In medio stat virtus. Nella guerra tutta interna alla maggioranza sul 5G, c’è anche chi dice la sua, con buona pace delle direttive di partito. Come Federica Dieni, che è deputata del Movimento Cinque Stelle, ma anche membro del Copasir, il comitato bipartisan di raccordo con l’intelligence che a dicembre ha lanciato un alert nettissimo: via le aziende cinesi dalla rete 5G.

Ecco, Dieni, ripartiamo da qui. Quel documento lo ha firmato anche lei, eppure il suo partito sembra pensarla diversamente.

Abbiamo lanciato un messaggio chiaro come comitato, con una relazione trasmessa al Parlamento mesi fa, in cui sono stati analizzati i rischi per la sicurezza del 5G se l’infrastruttura di rete viene affidata ad aziende cinesi.

E il governo ha risposto?

Al momento non abbiamo avuto riscontri effettivi. Sembrerebbe tutto  fermo, e la golden power non è stata ancora esercitata. Questo è quanto.

Ma sono tecnicismi o la politica deve occuparsene?

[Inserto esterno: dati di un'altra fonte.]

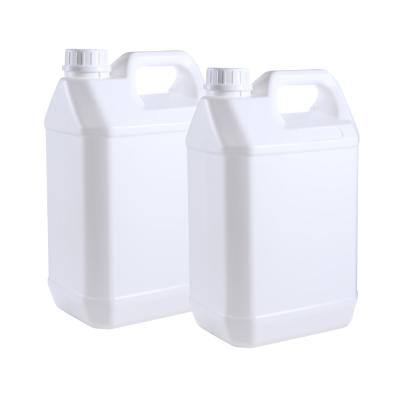 China Heavy Duty Food Grade Empty Drinking Water Jerry Can Plastic Barrel 188g 5l for sale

Gli Stati Uniti bussano alla porta.

Sicuramente una decisione deve essere presa a livello politico, mi auguro che il governo tenga conto dei moniti del Copasir e anteponga la sicurezza nazionale. Sono convinta che si trovi un punto di incontro.

Dove?

A metà strada fra Washington e Pechino, cioè a Bruxelles. Mi spiego: non dobbiamo essere assoggettati né agli americani né ai cinesi. Qui c’è in ballo la sicurezza delle reti, e ci si può lavorare insieme ai partner dell’Ue.

Mi faccia capire: un 5G europeo?

Perché no. Ovviamente ha un costo, ma il tempismo può aiutare. Sono in arrivo miliardi di euro in fondi per la ripresa dall’Ue, si può e credo si debba trovare una soluzione più vicina a noi per il 5G. Aspettiamo che si pronuncino la politica e i tecnici per trovare una via di mezzo intelligente.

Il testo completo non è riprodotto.